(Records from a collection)
#####

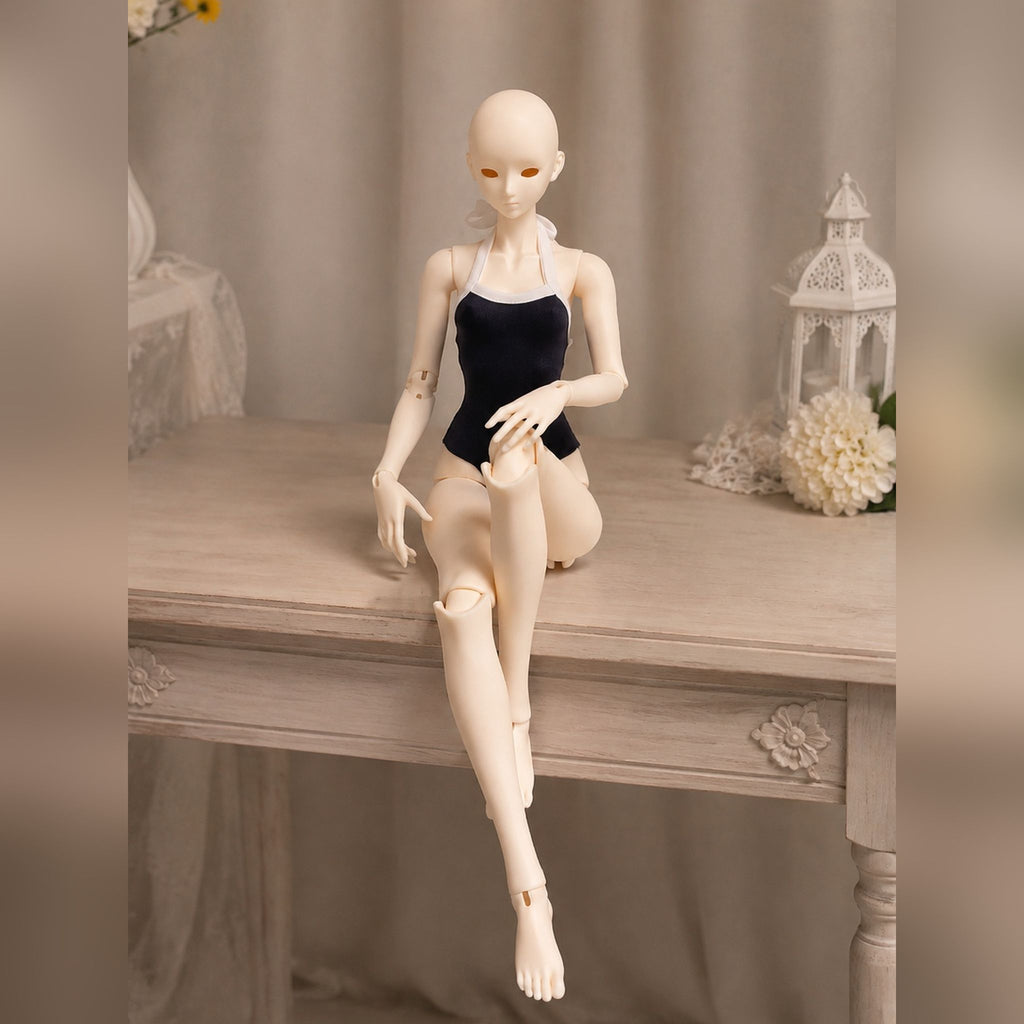 Female BJD doll body seated on a tabletop demonstrating natural sitting pose and joint flexibility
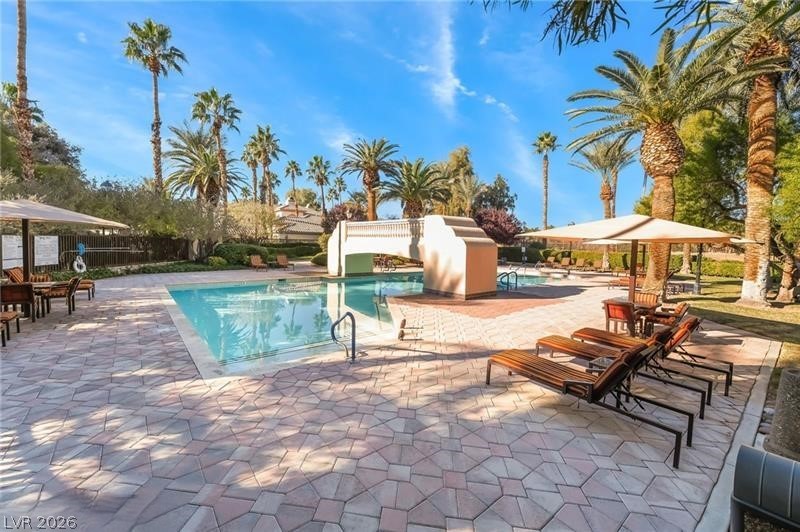2050 West Warm Springs Road, Unit 4323 Henderson, NV 89014 - Photo 40 of 48 Community pool with a patio area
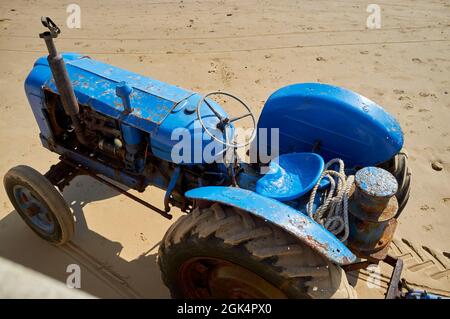 Alter Traktor, der zum Abschuss von Fischerbooten verwendet wurde, Filey Beach, North Yorkshire East Coast, beschäftigt mit Urlaubern, Nordengland, Großbritannien Stockfoto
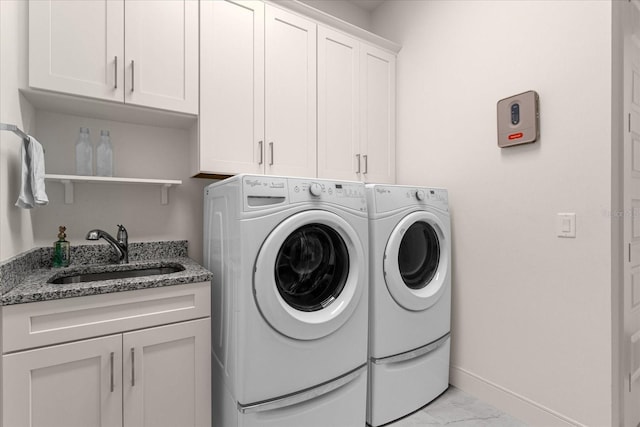 clothes washing area with cabinets, separate washer and dryer, and sink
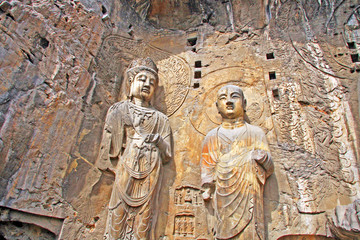 Longmen Grottoes : The Bodhisattava sculptures of Fengxian Cave (or Li Zhi Cave) The world heritage site, Chinese Buddhist art. Located in Louyang, Henan province China. Selective focus.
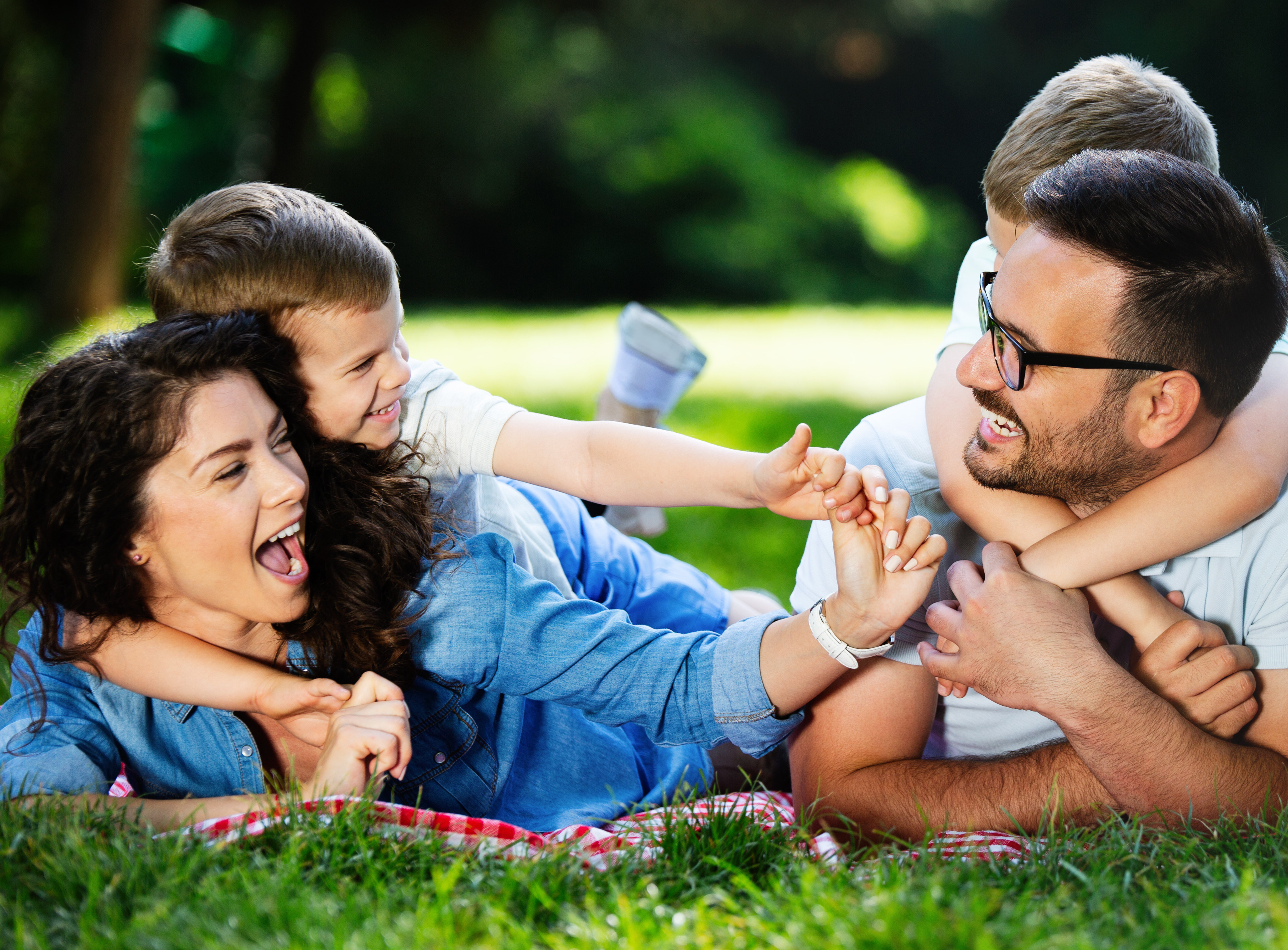 A happy family enjoying a picnic in a lush, green outdoor setting, with the adults playfully interacting with the child.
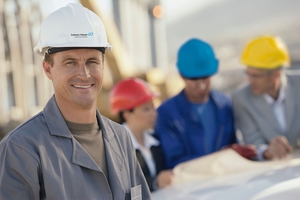 An Endress+Hauser engineer smiles at the camera, other engineers are behind him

#####

Return exactly the lines that begin with the one containing "A happy family" and end with the final line of the data above; include no pictures.

TASK SOLUTION ::
 A happy family enjoying a picnic in a lush, green outdoor setting, with the adults playfully interacting with the child.
 An Endress+Hauser engineer smiles at the camera, other engineers are behind him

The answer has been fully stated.